= Aparna Higgins =

Indian American mathematician

Aparna W. Higgins is a mathematician known for her encouragement of undergraduate mathematicians to participate in mathematical research. Higgins originally specialized in universal algebra, but her more recent research concerns graph theory, including graph pebbling and line graphs. She is a professor of mathematics at the University of Dayton.

==Education and career==
Higgins is originally from Mumbai, India, and did her undergraduate studies at the University of Mumbai, graduating in 1978. She completed her Ph.D. in 1983 at the University of Notre Dame; her dissertation, Heterogeneous Algebras Associated with Non-Indexed Algebras, a Representation Theorem on Weak Automorphisms of Universal Algebras, was supervised by Abraham Goetz.

In 2009 she became director of Project NExT, after the previous director, T. Christine Stevens, stepped down; this project is an initiative of the Mathematical Association of America to provide career guidance to new doctorates in mathematics.

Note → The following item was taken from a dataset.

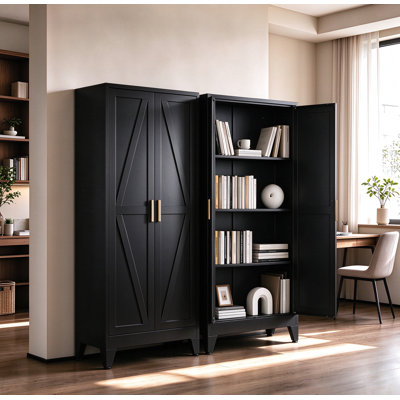 61-inch Tall Metal Cabinet with 2 Doors and 3 Adjustable Shelves(Black)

Higgins is married to Bill Higgins, a mathematics professor at Wittenberg University, and the two regularly take their sabbaticals together in California.

==Recognition==
Higgins won a Distinguished Teaching Award from the Mathematical Association of America in 1995, for her contributions to undergraduate research. In 2005 she was one of three winners of the Deborah and Franklin Haimo Award for Distinguished College or University Teaching of Mathematics of the Mathematical Association of America.